Amanhã é dia de pegar a estrada e ir por um caminho que não tenho nenhuma segurança se as coisas darão certo.

Não sei onde vou dormir, almoçar, o que vou encontrar pela frente.

A única coisa que sei, é que vou iniciar uma jornada e nela, as pessoas vão entrar na minha vida, vão passar, vão ficar, e haverá troca de experiências.

Misterioso assim como é a vida, incerto e assombroso!

Nesta etapa, quero me dedicar aos estudos e trabalhar com o coração. Quero muito poder ser eu mesma, e isso não ser nenhum empecilho para ser feliz.

Preciso me encontrar, saber quais são minhas habilidades, meus sonhos, minhas prioridades, eu quero construir a vida que eu sempre quis.

Sempre achei que a vida era um episódio que se apresentava pra gente e a gente vivia aquilo um dia de cada vez.

Hoje eu entendo que não. Nós somos os escritores, diretores e atores da própria vida.

Dois ingredientes e BUM! A direção muda, os ventos são outros, novos nortes, infinitas possibilidades e novos resultados.

Coragem e determinação.

A seguir, caracteres dos próximos capítulos.
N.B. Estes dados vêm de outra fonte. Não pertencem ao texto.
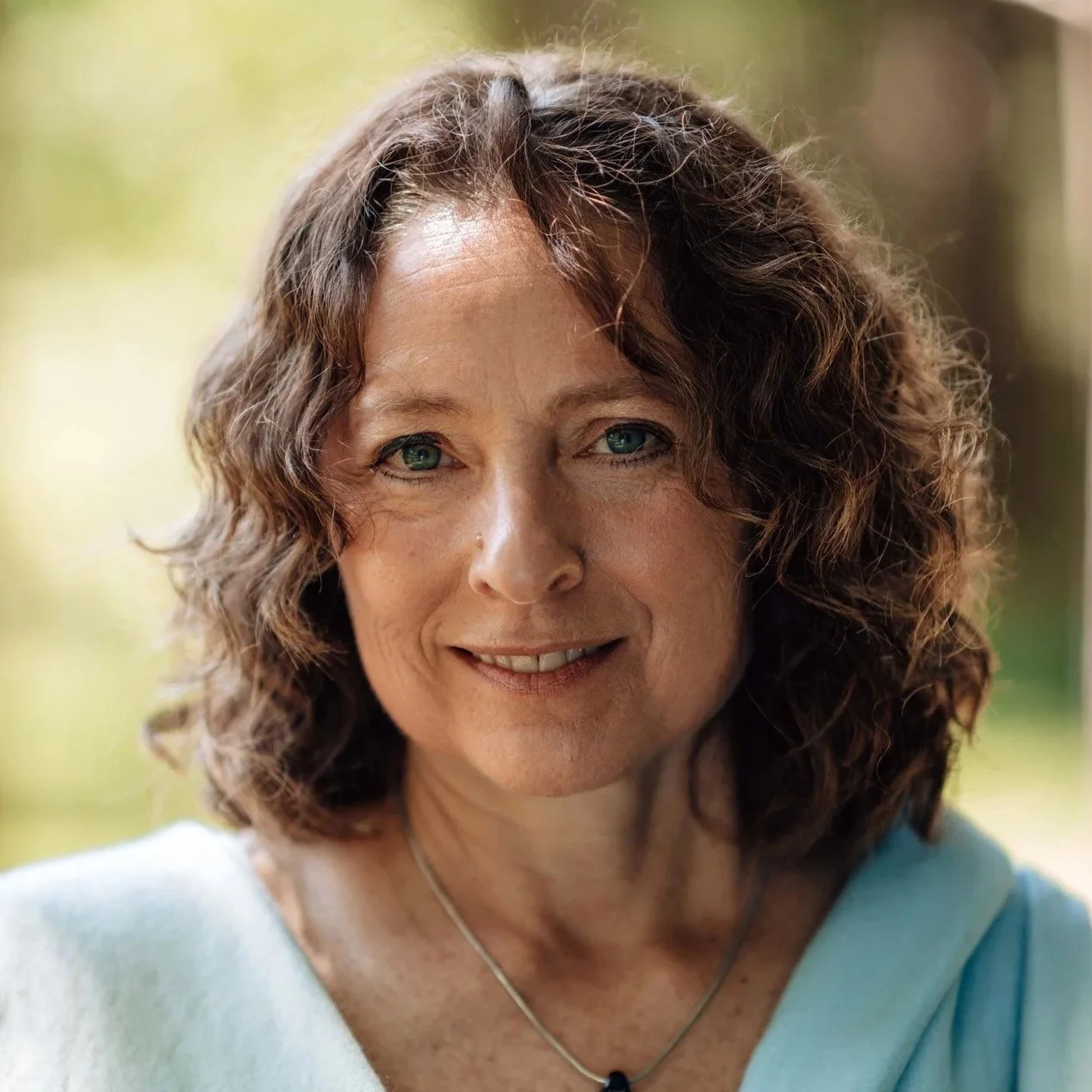Close-up of a middle-aged woman with curly brown hair and blue eyes, smiling, outdoors in natural lighting.
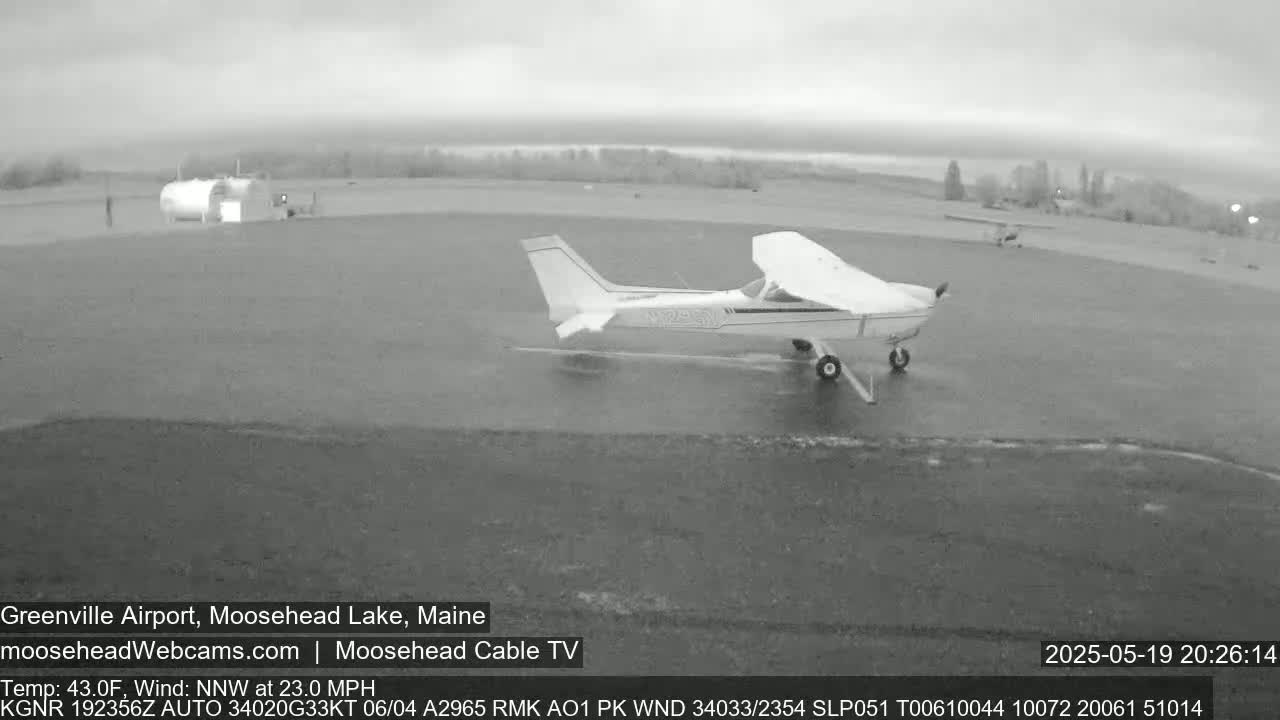 A small airplane is taxiing on a wet tarmac at an airport under an overcast sky.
Licenciatura de Dança aí vou eu!

9 de fev de 2017

Mini viagem - Em todos os sentidos

Segunda feira dia 06 de fevereiro eu acordei diferente.

Realmente tomei um pouco de coragem, do sonho que havia deixado de lado para viver uma vida cheia de responsabilidade e seriedade como um adulto deve fazer.

Levantei da cama, com uma vontade e uma fome de algo maior, além da minha possibilidade cognitiva de realizar algo que fosse de verdade me fazer feliz.

Estou encontrando muitos obstáculos nos trabalhos que aparecem, obstáculos emocionais.

Semana passada tive uma crise de ansiedade que desencadeou um choro compulsivo e uma tremedeira no meio do transito, que sinceramente, pensei que não fosse conseguir ir trabalhar.

Vi com nitidez e muita gratidão, que mais uma vez, estava me colocando numa situação que meu corpo e minha alma não querem mais.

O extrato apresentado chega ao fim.